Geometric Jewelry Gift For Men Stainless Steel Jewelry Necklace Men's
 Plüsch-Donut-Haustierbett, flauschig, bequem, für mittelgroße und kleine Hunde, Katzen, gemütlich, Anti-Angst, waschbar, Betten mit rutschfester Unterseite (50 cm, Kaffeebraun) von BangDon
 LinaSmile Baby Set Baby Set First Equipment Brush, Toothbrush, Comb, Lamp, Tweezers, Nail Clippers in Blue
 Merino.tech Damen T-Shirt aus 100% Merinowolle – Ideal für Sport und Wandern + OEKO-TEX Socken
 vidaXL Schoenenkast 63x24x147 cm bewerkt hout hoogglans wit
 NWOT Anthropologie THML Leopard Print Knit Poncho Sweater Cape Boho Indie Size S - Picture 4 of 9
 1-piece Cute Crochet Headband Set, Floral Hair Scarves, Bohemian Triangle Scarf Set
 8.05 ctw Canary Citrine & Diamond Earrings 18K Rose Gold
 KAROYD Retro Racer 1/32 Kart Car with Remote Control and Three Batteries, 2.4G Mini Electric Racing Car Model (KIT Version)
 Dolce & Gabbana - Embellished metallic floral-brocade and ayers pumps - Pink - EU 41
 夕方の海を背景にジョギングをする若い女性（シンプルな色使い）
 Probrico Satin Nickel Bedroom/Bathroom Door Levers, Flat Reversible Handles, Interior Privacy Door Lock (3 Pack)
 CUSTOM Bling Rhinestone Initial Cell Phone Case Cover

● ● ● ●

**WHAT IS BEING ASKED:**
Write out the material again, matching every line.

**RESPONSE FOR THIS EXERCISE:**
Geometric Jewelry Gift For Men Stainless Steel Jewelry Necklace Men's
 Plüsch-Donut-Haustierbett, flauschig, bequem, für mittelgroße und kleine Hunde, Katzen, gemütlich, Anti-Angst, waschbar, Betten mit rutschfester Unterseite (50 cm, Kaffeebraun) von BangDon
 LinaSmile Baby Set Baby Set First Equipment Brush, Toothbrush, Comb, Lamp, Tweezers, Nail Clippers in Blue
 Merino.tech Damen T-Shirt aus 100% Merinowolle – Ideal für Sport und Wandern + OEKO-TEX Socken
 vidaXL Schoenenkast 63x24x147 cm bewerkt hout hoogglans wit
 NWOT Anthropologie THML Leopard Print Knit Poncho Sweater Cape Boho Indie Size S - Picture 4 of 9
 1-piece Cute Crochet Headband Set, Floral Hair Scarves, Bohemian Triangle Scarf Set
 8.05 ctw Canary Citrine & Diamond Earrings 18K Rose Gold
 KAROYD Retro Racer 1/32 Kart Car with Remote Control and Three Batteries, 2.4G Mini Electric Racing Car Model (KIT Version)
 Dolce & Gabbana - Embellished metallic floral-brocade and ayers pumps - Pink - EU 41
 夕方の海を背景にジョギングをする若い女性（シンプルな色使い）
 Probrico Satin Nickel Bedroom/Bathroom Door Levers, Flat Reversible Handles, Interior Privacy Door Lock (3 Pack)
 CUSTOM Bling Rhinestone Initial Cell Phone Case Cover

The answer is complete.